Collected data entries

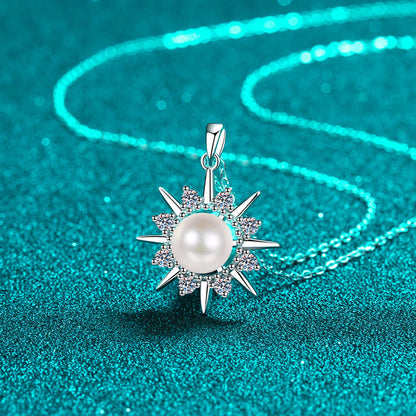 925 Sterling Silver Sunflower Pendant Necklace - 0.32CT Moissanite & 8mm Freshwater Pearl PT950-Plated Chain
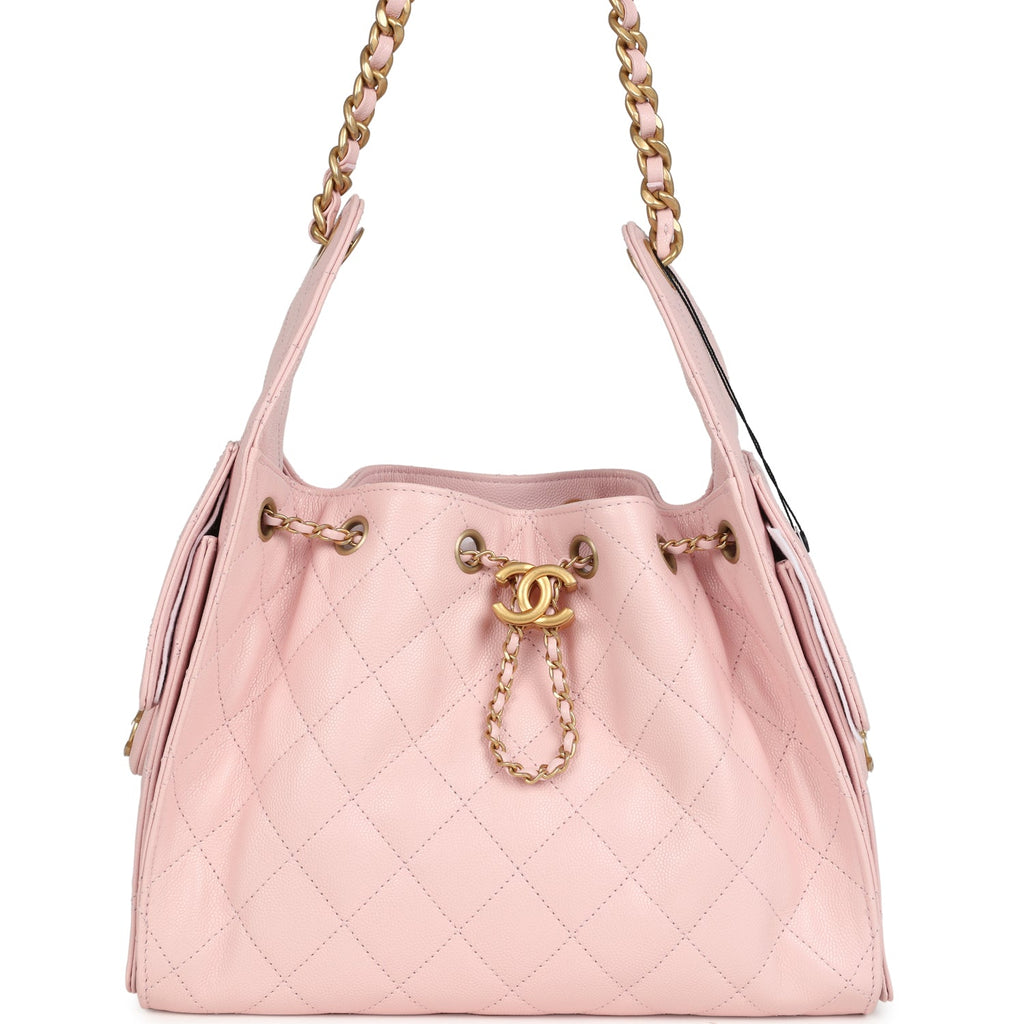 Chanel Small 25 Hobo Bag Light Pink Caviar Antique Gold Hardware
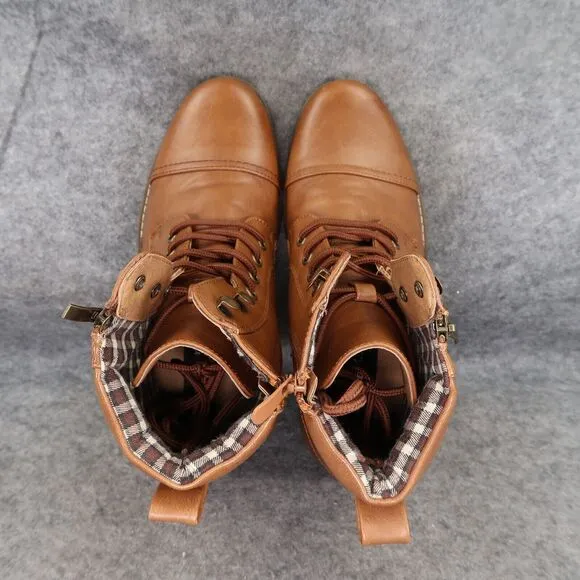 Bruno Marc Shoes Mens 6.5 Boots Motorcycle Biker Combat Casual Zip Lace Up Brown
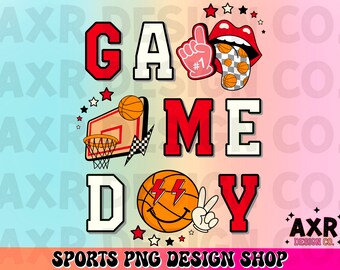 Retro basketball game day png, basketball sublimation design, basketball season png, red and black basketball png, custom basketball colors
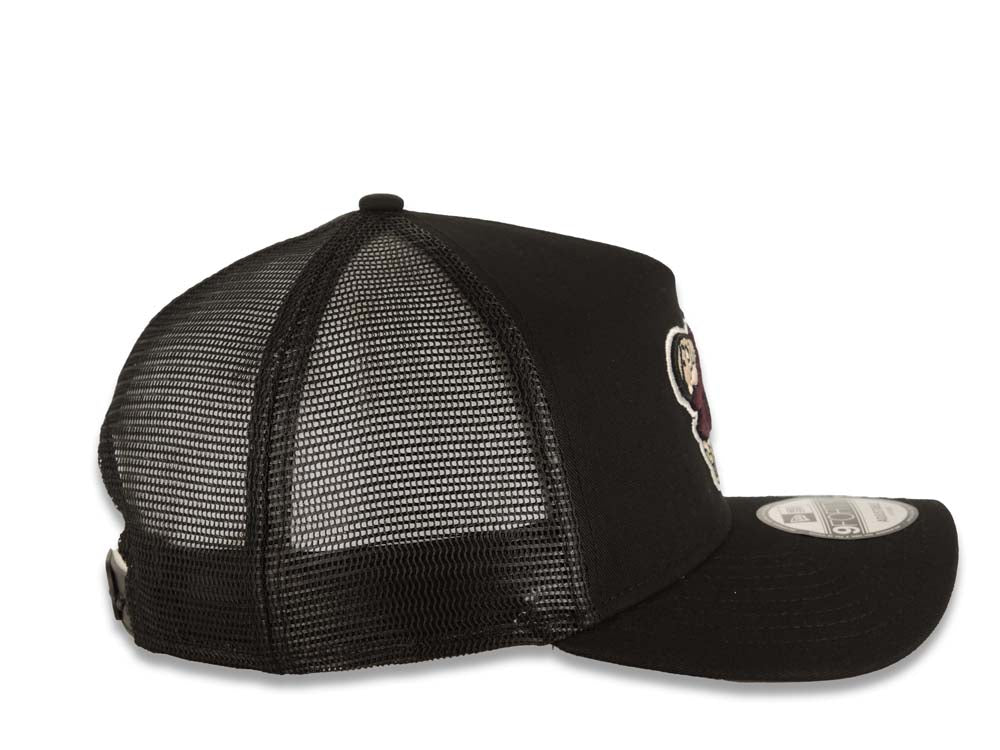 San Diego Padres New Era MLB 9FORTY 940 Adjustable A-Frame Trucker Mesh Cap Hat Black Crown/Visor Brown/Yellow Brown/Yellow Swinging Friar Logo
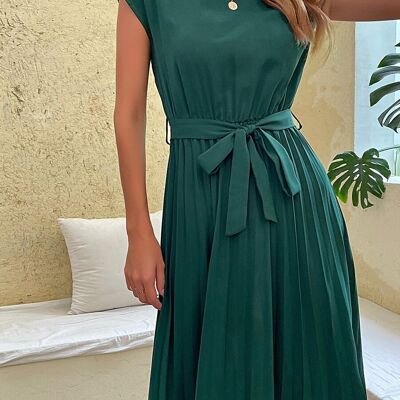 Plissiertes Kleid mit Flügelärmeln – Olivgrün
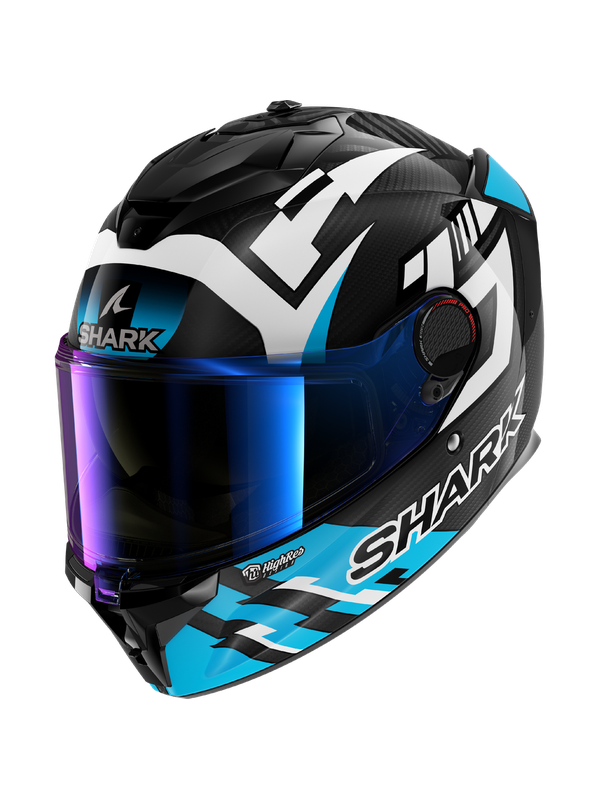 SHARK CASCO SPARTAN GT PRO CARBON ZARCO TRACK RACER Carbono Blanco Azul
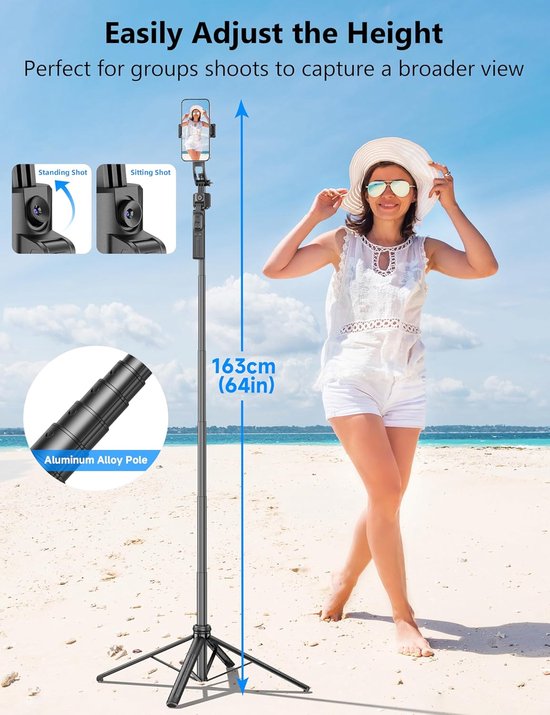 64 Inch Auto Face Tracking Statief 360° Rotatie - Selfie Stick Met Afstandsbediening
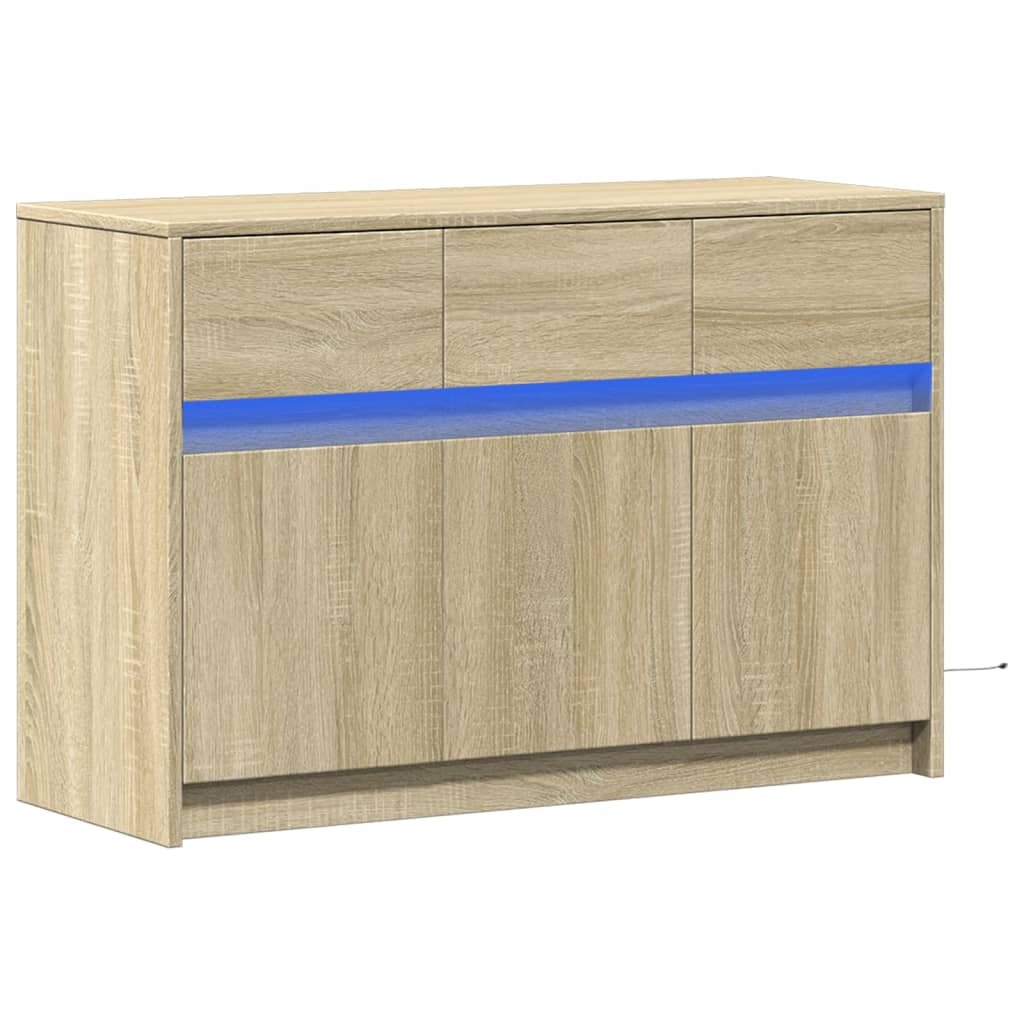 vidaXL Szafka TV z LED, dąb sonoma, 91x34x61 cm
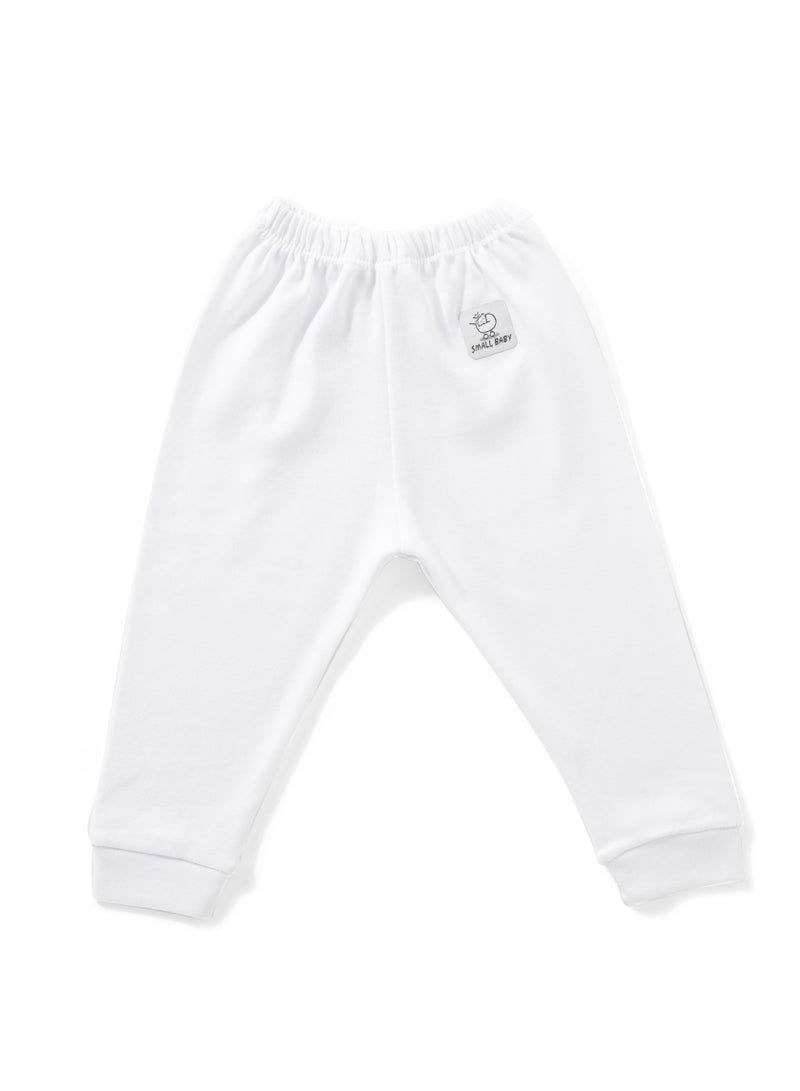Small Baby Pack of 3 Plain Color Cotton Pants for Baby - Image 5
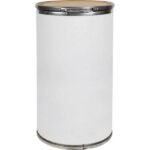 17.5 Gallon (225 lb. Capacity) White Fiber Drum, Fiber Cover w/Lever Lock Ring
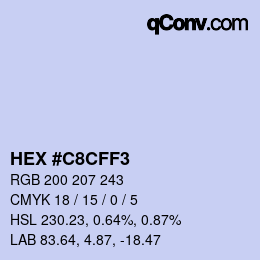 Color code: HEX #C8CFF3 | qconv.com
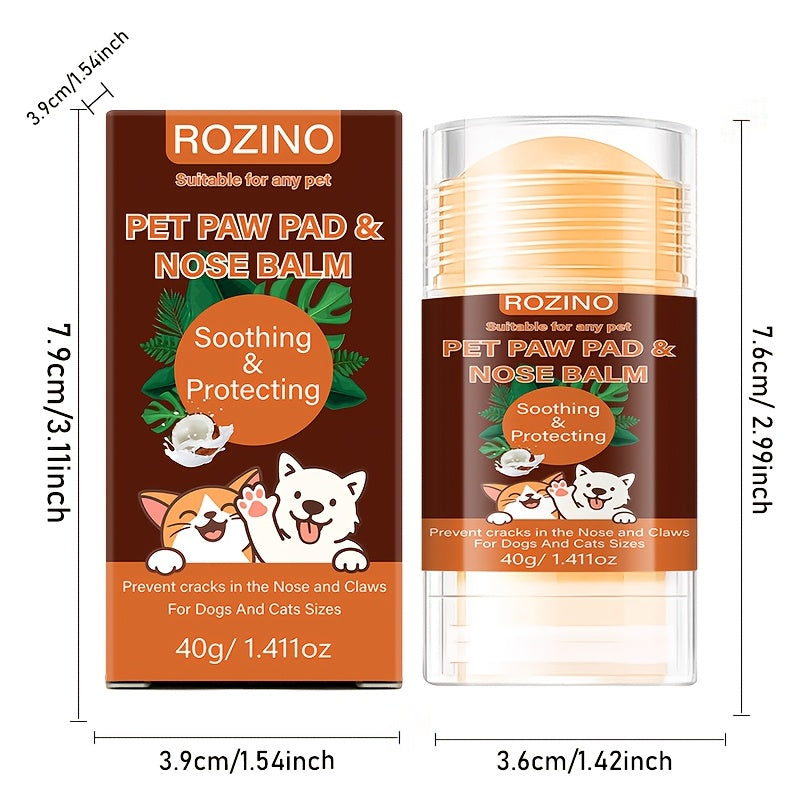ROZINO Pet Nose and Paw Care Stick | Moisturizing, Deodorant, Clean, Smooth, Universally Suitable for Cats and Dogs, Contains Coconut Oil and Nuts, Relieves Dry, Cracked Paws, Protects from Heat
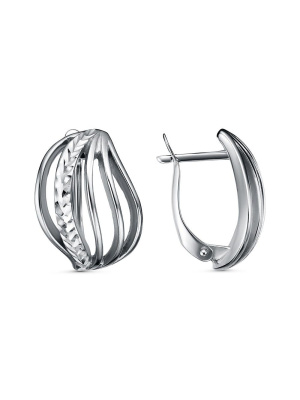 Серьги бижутерия, покрытие - серебрение с оксидированием, отделка - алмазная грань, без вставок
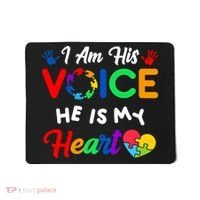 I Am His Voice He Is My Heart Autism Awareness Mousepad thumb 0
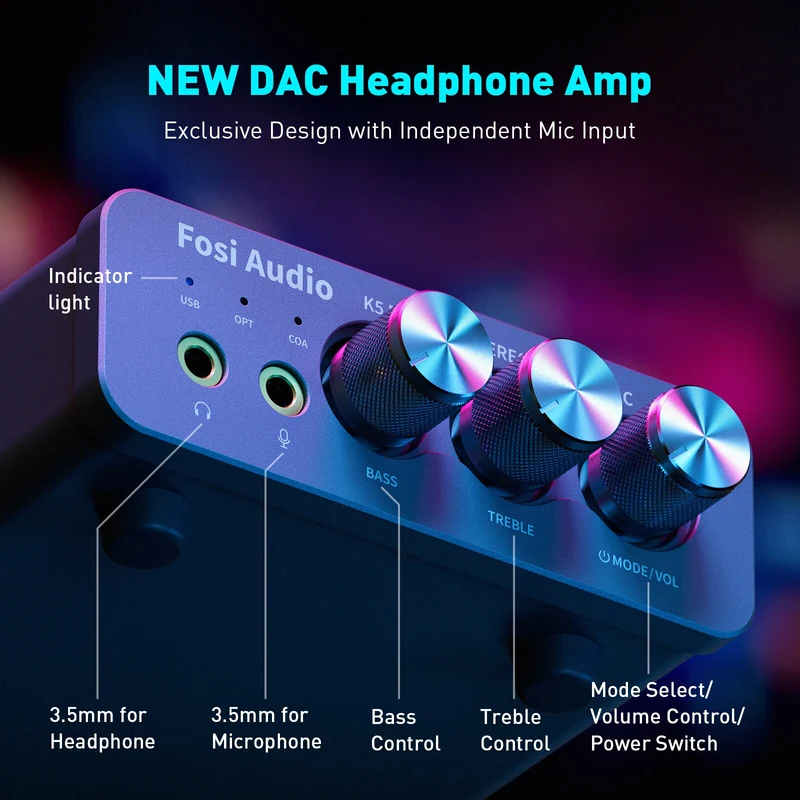 Fosi Audio K5 Pro Gaming DAC & Headphone Amplifier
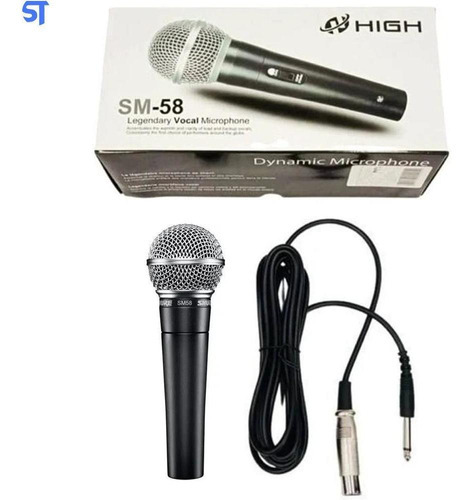 Microfone Sm 58 Profissional Com Cabo Legendary Vocal- Sm-58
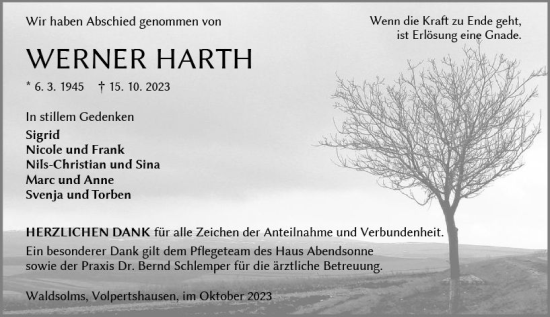 Traueranzeige von Werner Harth von Wetzlarer Neue Zeitung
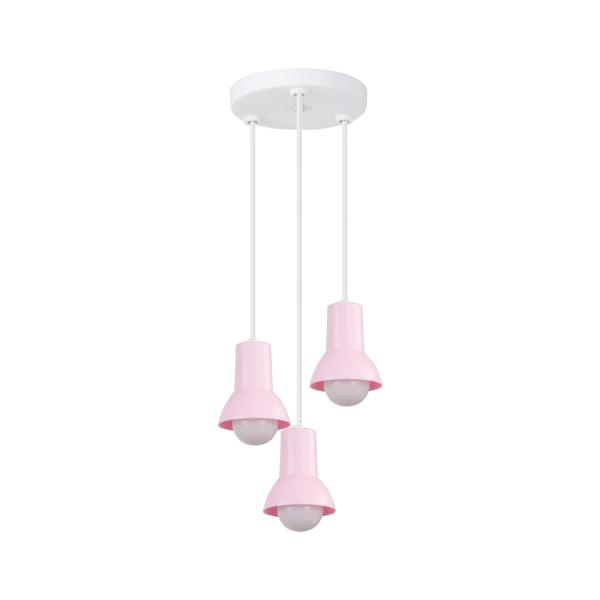 Imagem de Luminaria Pendente Spot Kids Quarto Infantil Rosa 3 Lâmpadas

**Work instruction:** What should come back is an exact copy of the lines above from the line with "Plissiertes Kleid mit" to the line with "Traueranzeige von Werner", both included, minus the pictures.

**Written reply:**
 Plissiertes Kleid mit Flügelärmeln – Olivgrün
 SHARK CASCO SPARTAN GT PRO CARBON ZARCO TRACK RACER Carbono Blanco Azul
 64 Inch Auto Face Tracking Statief 360° Rotatie - Selfie Stick Met Afstandsbediening
 vidaXL Szafka TV z LED, dąb sonoma, 91x34x61 cm
Small Baby Pack of 3 Plain Color Cotton Pants for Baby - Image 5
 17.5 Gallon (225 lb. Capacity) White Fiber Drum, Fiber Cover w/Lever Lock Ring
 Color code: HEX #C8CFF3 | qconv.com
ROZINO Pet Nose and Paw Care Stick | Moisturizing, Deodorant, Clean, Smooth, Universally Suitable for Cats and Dogs, Contains Coconut Oil and Nuts, Relieves Dry, Cracked Paws, Protects from Heat
 Серьги бижутерия, покрытие - серебрение с оксидированием, отделка - алмазная грань, без вставок
 I Am His Voice He Is My Heart Autism Awareness Mousepad thumb 0
 Fosi Audio K5 Pro Gaming DAC & Headphone Amplifier
 Microfone Sm 58 Profissional Com Cabo Legendary Vocal- Sm-58
 Traueranzeige von Werner Harth von Wetzlarer Neue Zeitung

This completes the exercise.